PERÍODO OBJETIVO: No início do século XIX, logo após a Revolução Francesa, com a promulgação do Código Comercial francês, em 1808, se adota a Teoria dos Atos de Comércio, considerando-se comerciante todo aquele que pratica atos de mercancia, independentemente de registro. O foco deixa de ser a pessoa do comerciante para o que ele pratica: o ato de comércio.
Teoria adotada pelo ordenamento jurídico brasileiro com a promulgação do Código Comercial de 1850, competindo ao Regulamento 737, do mesmo ano, em seu art. 19, definir quais eram os atos que se caracterizavam como sendo de comércio. As atividades que porventura não estivessem na lista não eram consideradas atividades comerciais, logo, eram regidas pelo Código Civil.
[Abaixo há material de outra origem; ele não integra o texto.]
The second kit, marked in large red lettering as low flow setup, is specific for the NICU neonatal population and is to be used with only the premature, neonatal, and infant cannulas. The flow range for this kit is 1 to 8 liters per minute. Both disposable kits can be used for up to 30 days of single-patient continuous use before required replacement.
PERÍODO SUBJETIVO-MODERNO – DIREITO EMPRESARIAL: Como não havia um critério científico para definir o que era ou deixava de ser um ato de comércio, esta teoria recebeu muitas críticas, e foi substituída pela Teoria da Empresa, criada pelo Código Civil italiano de 1942, marcando o retorno ao aspecto subjetivo do Direito Comercial. Desacreditado o sistema objetivista do D. Comercial novos horizontes se abriram às cogitações dos juristas, criando-se a figura do empresário não mais como aquele que praticava atos de comércio que ninguém sabia ao certo os quais eram, e sim como os praticantes de uma atividade econômica organizada para a produção e circulação de bens, produtos ou serviços.
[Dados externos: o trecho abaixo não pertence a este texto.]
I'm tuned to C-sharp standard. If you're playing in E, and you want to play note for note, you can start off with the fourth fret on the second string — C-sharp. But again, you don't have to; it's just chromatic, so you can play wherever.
Esta fase surge com a promulgação do Código Civil italiano que, em 1942, passa a adotar a Teoria da Empresa, considerando-se destinatário desse direito especial todo aquele que produz ou faz circular bens ou serviços (grande avanço em relação à Teoria dos Atos de Comércio, que excluía grandes agentes econômicos de seu rol). Adotado pelo Código Civil brasileiro, em 2002. Nessa fase, o foco voltou para a pessoa que exerce a atividade empresarial e especialmente no modo como essa atividade é realizada pela pessoa. Isso porque, segundo a Teoria da Empresa, qualquer atividade desenvolvida pode ser considerada empresária, desde que seja realizada de forma organizada. A chave da Teoria da Empresa são atividades econômicas desempenhadas de forma organizada pela figura do empresário, sendo importante atentar, no entanto, que nem toda atividade econômica organizada para produção ou circulação de bens ou serviços caracteriza empresa.
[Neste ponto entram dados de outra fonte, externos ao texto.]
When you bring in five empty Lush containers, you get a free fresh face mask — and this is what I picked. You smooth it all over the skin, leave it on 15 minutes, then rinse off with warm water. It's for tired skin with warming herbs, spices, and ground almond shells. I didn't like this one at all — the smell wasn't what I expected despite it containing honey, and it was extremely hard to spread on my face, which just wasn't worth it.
A teoria jurídica dos mercados reverbera-se no Brasil após o advento da Lei nº 13.874/19 – a Lei de Liberdade Econômica. Referida legislação institui a Declaração dos Direitos de Liberdade Econômica, estabelecendo normas de proteção à livre iniciativa e ao livre exercício de atividade econômica. Trata-se de norma que deve ser utilizada como vetor hermenêutico para o Direito Empresarial. Um dos alcances que se espera com a mencionada legislação é que os agentes econômicos assumam a responsabilidade pelos riscos decorrentes de sua atuação, que deve ocorrer de maneira desembaraçada, com a liberdade como uma garantia no exercício de atividades econômicas. O moderno direito empresarial repousa no binômio atividades empresárias-mercado. A premissa hermenêutica é a de que as atividades empresariais, que se revelarem eficientes e cumprirem os pressupostos de sua função social, devam ser preservadas para o bom funcionamento do mercado. Na mesma ótica, aquelas que se mostrarem ineficientes, não revelando viabilidade econômica ou mesmo cumprindo os pressupostos de sua função social, deverão ter suas atividades encerradas. Trata-se da máxima in dúbio pro mercatorum, ou seja, na dúvida, decide-se a favor do mercado.